Non appena il Chievo prova a rintuzzare, l’Inter riscopre le fasce, e il possesso dei nerazzurri esonda e diventa letteralmente controllo della partita, anche se qualche leggerezza di troppo (vero Cancelo? Vero Icardi?) rischia di innescare sempre una ripartenza avversaria così come abbiamo imparato lungo tutto l’arco della stagione.

Solo che il possesso non si traduce giocoforza in occasioni da gol, fatta eccezione per una di Karamoh davvero buona dopo un buono scambio Perisic-Rafinha-Karamoh.

Nel finale di primo tempo, così, è di nuovo Cacciatore a provarci con Handanovic attento.

 

 

Tra il primo e secondo tempo, tra le tante interazioni con i lettori, in una ci scappa la previsione che doveva andare nel pre-partita… solo che il pre-partita non c’è stato:

I motivi dell’ottimismo sono facilmente spiegabili e sono scritti sia nel testo del messaggio che nella premessa di questo articolo: caldo e Chievo.

A Verona c’erano 27/28° dopo le ultime 2 in serata e con temperature decisamente diverse. E c’è da aggiungere che il campo sembrava davvero asciuttissimo, cosa che notoriamente danneggia un po’ chi ha un miglior controllo della palla (tanto che spesso lo si fa bagnare di proposito prima della partita).

L’unico a sfruttarne le caratteristiche, vedi caso, è Rafinha, che ha fatto rivedere colpi che non vedevamo in nerazzurro dai tempi di Sneijder: i passaggi “a scavetto” con effetto al contrario, il cosiddetto backspin che, in condizioni normali, fa schizzare la palla in avanti, mentre con il campo così secco lo fa letteralmente frenare.

Almeno tre le occasioni, con i compagni quasi presi di sorpresa: a dire il vero anche io e i commentatori inglesi che evidentemente non ne vediamo granché nonostante l’enorme numero di partite visionate.

 

Nel secondo tempo, in effetti, entra un’Inter diversa: più rapida, più consapevole e più determinata, contro un avversario che inevitabilmente paga lo scotto di 20 minuti al massimo in condizioni ambientali non proprio adatte allo scopo.

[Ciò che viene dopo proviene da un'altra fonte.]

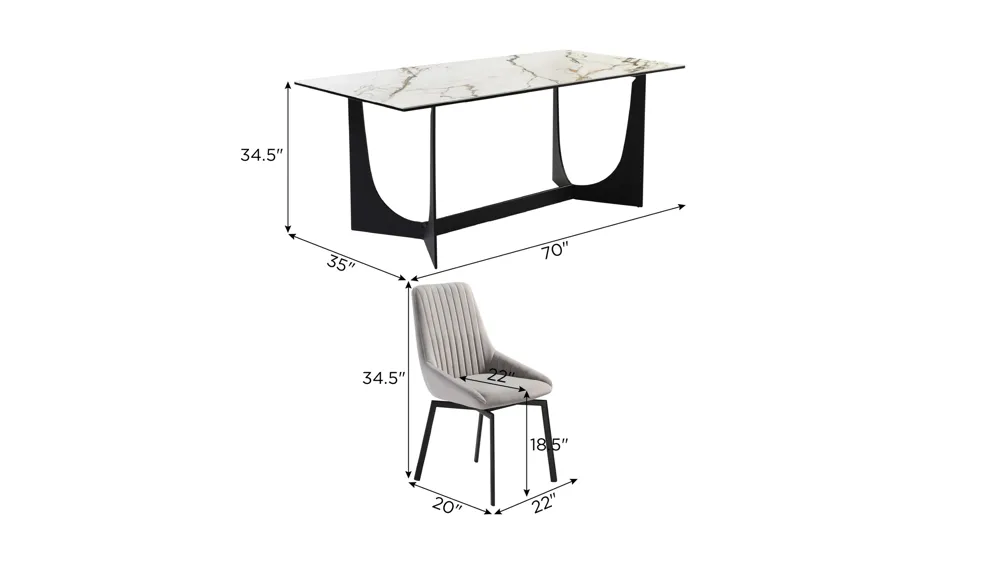 Esme Susie 5-pc Dining Set Dimensions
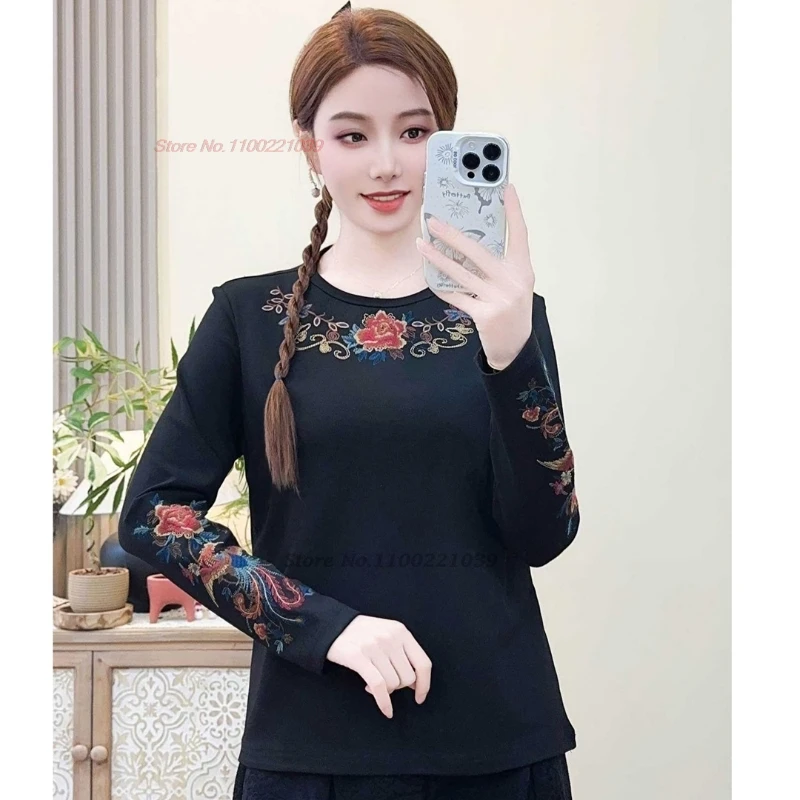 

2025 chinese traditional t-shirt national phoenix embroidery o-neck folk shirt retro vintage base shirt improved hanfu tops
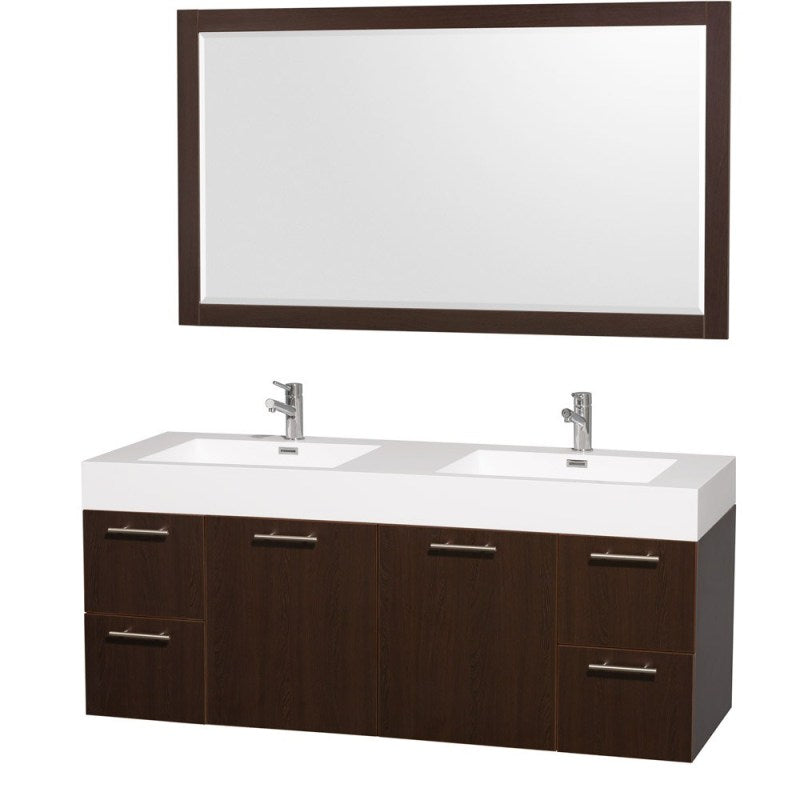 Wyndham Collection Amare 60" Wall-Mounted Double Bathroom Vanity Set with Integrated Sinks - Espresso WC-R4100-60-VAN-ESP--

Si rende pericolosa prima su calcio piazzato di Brozovic, poi segna sugli sviluppi di un’azione d’angolo di Cancelo.

Un’azione che mostra quanto sia importante aver recuperato alla causa alcuni uomini e avere acquistato Rafinha, bravo com’è a portare palla anche in orizzontale per scardinare il meccanismo difensivo avversario.

Ma è anche merito di Perisic, che sugli sviluppi del corner rimane sul centro destra, così come di Brozovic che ci prova da fuori (l’Inter ci prova davvero poco): nonché di D’Ambrosio che in quella situazione ha la lucidità di fare l’assist migliore possibile.

Il gol sembra fuorigioco ai calciatori del Chievo ma è tutto perfettamente regolare:

 

Oltre alla posizione di partenza di D’Ambrosio, Icardi rientra in gioco ed è dietro la linea della palla quando parte l’assist del compagno.

C’è il tempo per un calcio d’angolo di Brozovic in versione Cancelo (in versione Recoba!), ovvero con tiro in porta: bravo Sorrentino.

Poi l’azione del secondo gol, con l’assist “barcellonesco” di Rafinha. Proprio lui comincia l’azione sulla trequarti, scarico per Perisic che di prima la dà a Karamoh solo sulla destra: il giovane francese vede Rafinha libero in mezzo e lo serve. Il pallone del calciatore spagnolo (brasiliano, sì, ma passaporto spagnolo) è un cioccolatino delizioso, un appoggio millimetrico ai limiti dell’area piccola che Perisic deve solo mettere in rete.

Tutto molto, molto ma molto, molto bello.